American Promise is a national, non-profit, non-partisan, grassroots organization that advocates for a 28th Amendment to the United States Constitution that would allow the U.S. Congress and states to set reasonable limits on campaign spending in U.S. Elections. Founded in 2016 by Jeff Clements, the former assistant attorney general of Massachusetts, and author of Corporations Are Not People: Reclaiming Democracy From Big Money and Global Corporations, American Promise advocates for campaign finance reform in the United States.

Ballot initiatives and resolutions

Since the U.S. Supreme Court ruling in 2010's Citizens United v. FEC, grassroots organizations have helped 20 states and over 800 cities and towns to pass resolutions calling on Congress to propose a 28th Amendment to overturn that ruling.  Voters in Montana, Colorado, California, and Washington have passed resolutions by voter instruction or ballot initiative with significant cross-partisan support.

Since its launch in 2016, American Promise has engaged in statewide efforts in Wyoming and Massachusetts to put initiatives on the ballot in 2018.

28th Amendment Pledge

The American Promise Candidate Pledge asks local, state and federal candidates and elected officials to pledge to use their office to advance the 28th Amendment to secure fair and free elections by limiting the amount of money spent to influence elections.

Ready to ratify
In states that have passed voter instructions or ballot initiatives calling on Congress to pass the 28th Amendment, American Promise works with citizens to prepare their state for the ratification of the 28th Amendment. In states like Colorado, Montana, California, and Washington, they are working to pass local resolutions asking their elected officials to follow the will of the voters.  In Massachusetts, a local affiliate group called People Govern, Not Money is leading an all-volunteer effort to place an initiative of the 2018 ballot that would ask voters to create a volunteer 15 member cross-partisan citizens commission that would be tasked with advancing policies to amend the U.S. Constitution to overturn the U.S. Supreme Court's ruling in Citizens United v. FEC.

National Citizenship Leadership Conference

In 2016, hundreds of people from across the country traveled to Washington, D.C. for the first annual National Citizen Leadership Conference.  The keynote speakers included Former Representative Jim Leach, Former Representative Donna Edwards, and Former State Senator Nina Turner.  At the Conference, American Promise gave out four Congressional Leadership Awards and four Citizen Leadership Awards.

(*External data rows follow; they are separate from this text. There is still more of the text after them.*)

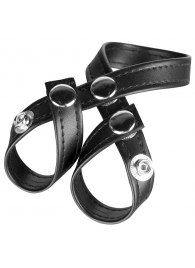 Разделитель мошонки из искусственной кожи на клепках 8 STYLE BALL DIVIDER - BlueLine - купить с доставкой в Воронеже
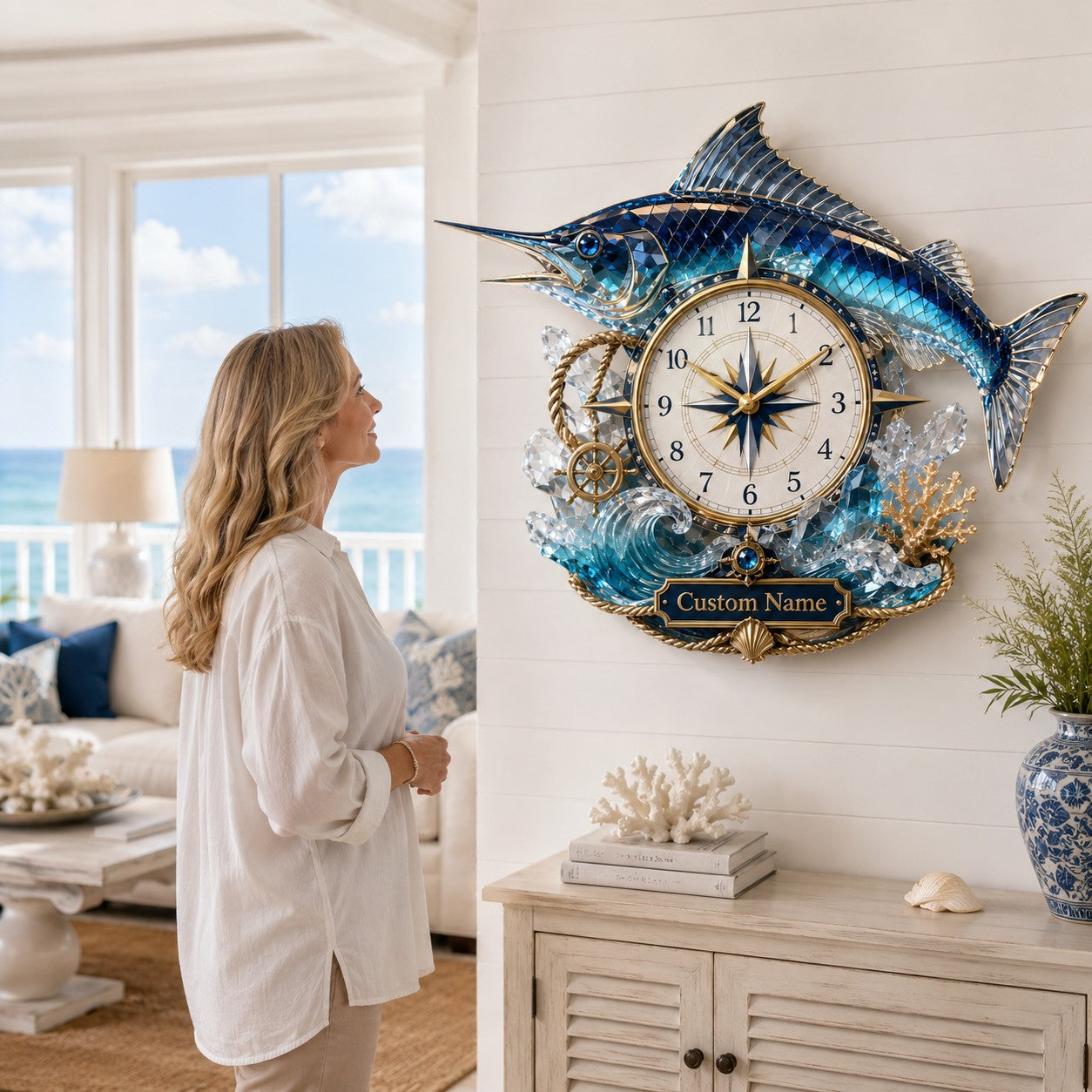 Blue marlin Custom Name Wall Clock — personalized with a custom name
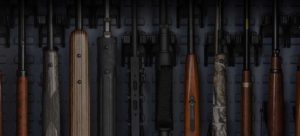 Rifles stored in a gun safe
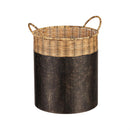 Black Iron Basket with Rattan Stitch Top, Nested Set of 2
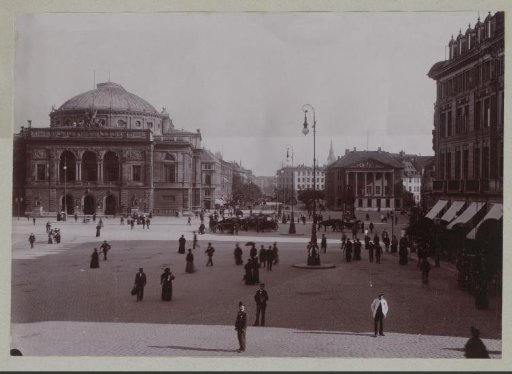 View of Kongens Nytorv in Copenhagen, the Royal Danish Theatre on the left, Danske Bank in the distance on the right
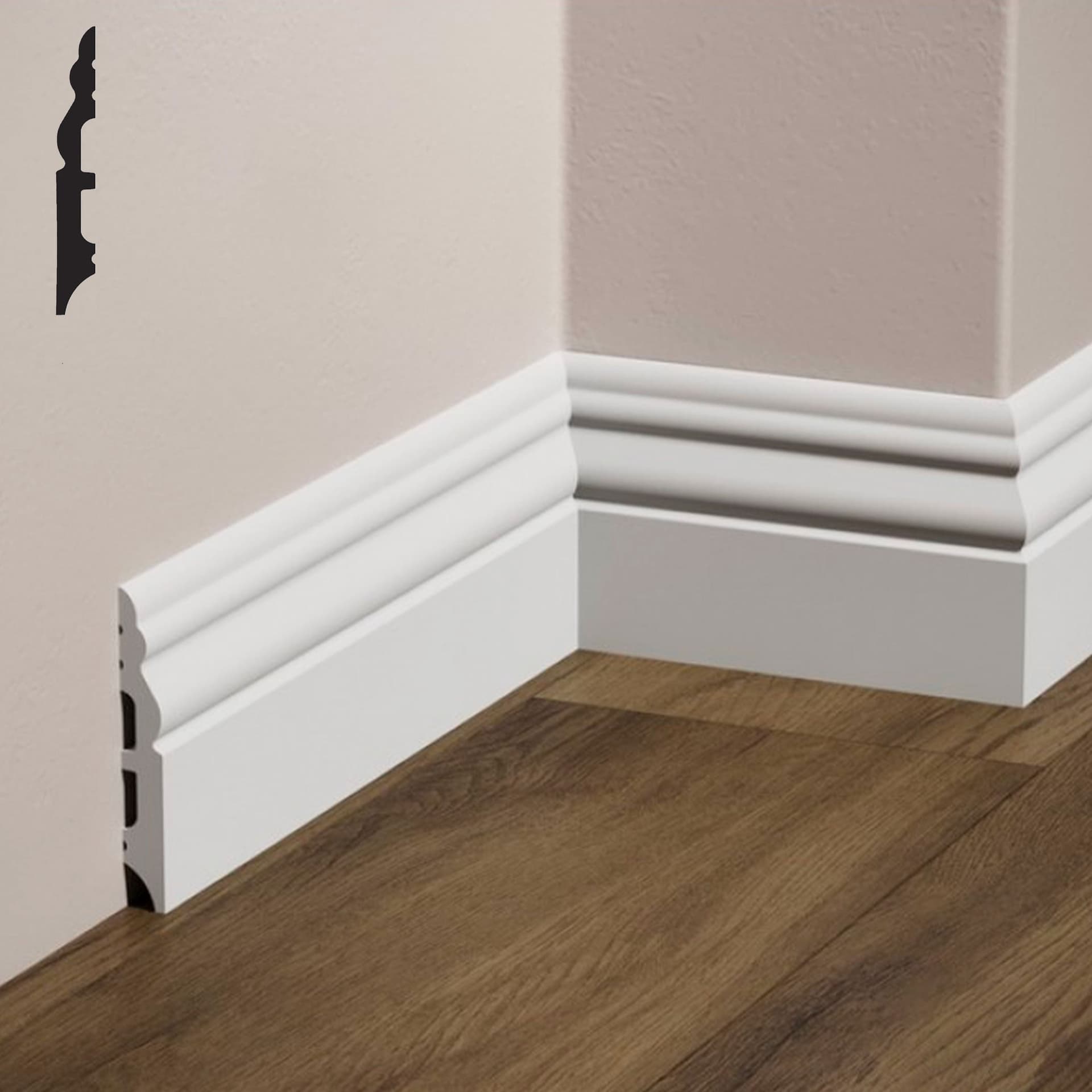 bancale da 67,2ml di Battiscopa DUCALE in POLIMERI FeelingWood-HD 127x14mm - BIANCO - Eternal Parquet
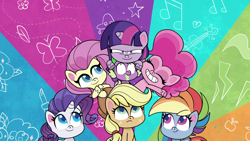 Size: 1920x1080 | Tagged: safe, derpibooru import, screencap, applejack, fluttershy, pinkie pie, rainbow dash, rarity, spike, twilight sparkle, dragon, earth pony, pegasus, pony, unicorn, director spike's mockumentary, my little pony: pony life, spoiler:pony life s01e36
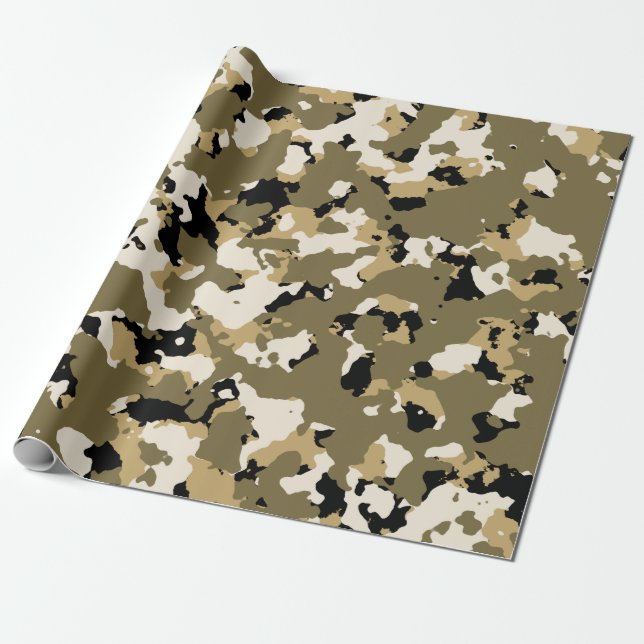 Desert Camouflage Pattern Wrapping Paper (Unrolled)
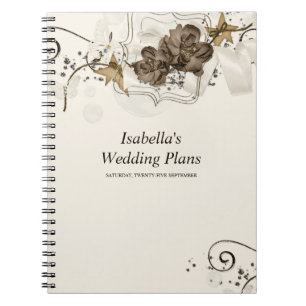 Caderno Espiral Lindas Flores Marrons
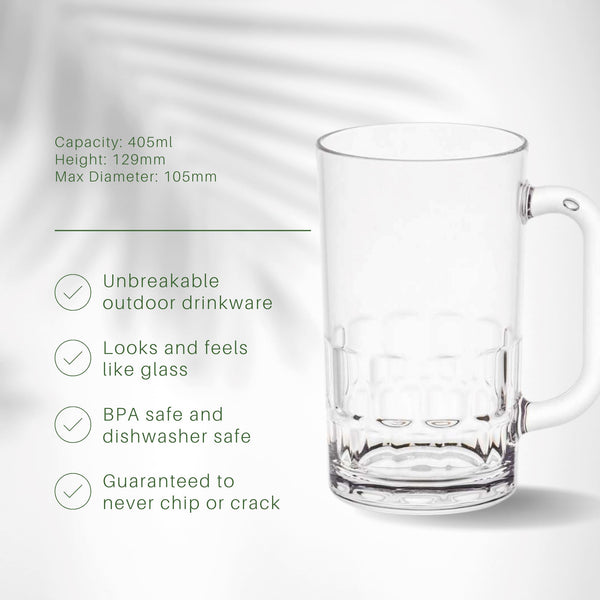 Unbreakable Beer Mug 405ml - Set of 4 Beer Glasses D-STILL Drinkware 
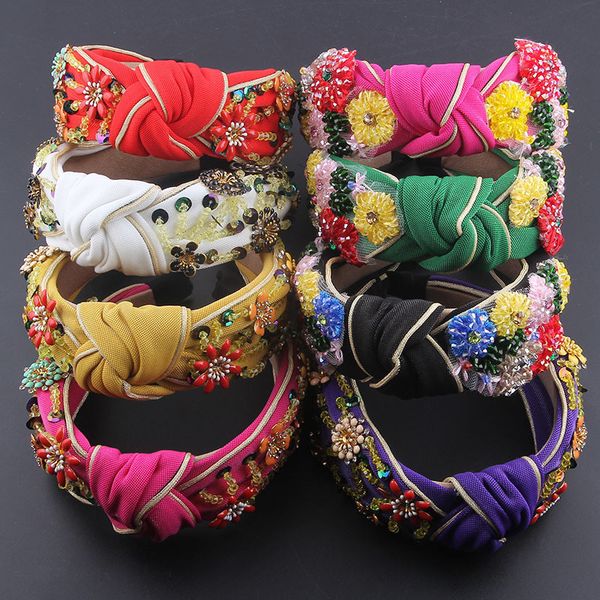 

wedding hair jewelry bohemian fashion flowers wrapped personality dance headband colorful crystal flower geometric metal versatile 865 23050, Slivery;golden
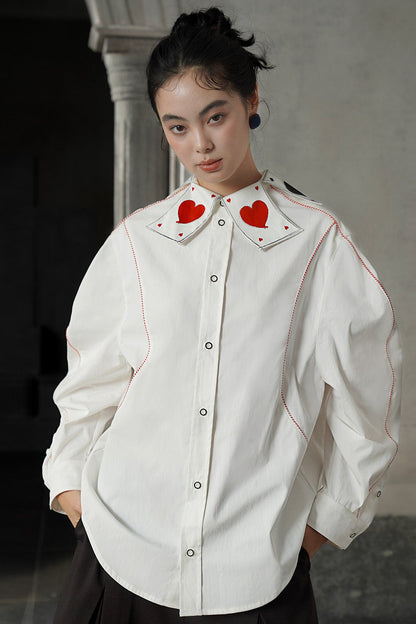 フレンチスイートトランプ刺繍カラーシャツ　B4581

Congressional Leadership Awards
The Congressional Leadership Awards recognize leaders in Congress who are committed to building cross-partisan alliances to advance a 28th Amendment to the Constitution to overturn Citizens United v. FEC 
Recipients of the first annual Congressional Leadership Award include: 
 retired Congressman Jim Leach (R-IA)
 Congresswoman Donna Edwards (D-MD)
 Congressman Walter Jones (R-NC)
 Congressman Jim McGovern (D-MA)

Advisory council

American Promise's cross-partisan advisory council includes Doris Kearns Goodwin, former state senator Nina Turner, John Pudner, Ben Cohen, Donnel Baird, Judy Wicks, former Congressman Jim Leach, Justice James C. Nelson, Matt Patsky, former governor of Massachusetts Michael Dukakis, former senator Alan Simpson, Kahlil Byrd, Rev. Dr. Katharine Henderson, Ella McGrail, Joe Kearns Goodwin, Robert Monks, Jack Doty, Tamara Piety, and Professor John Coates.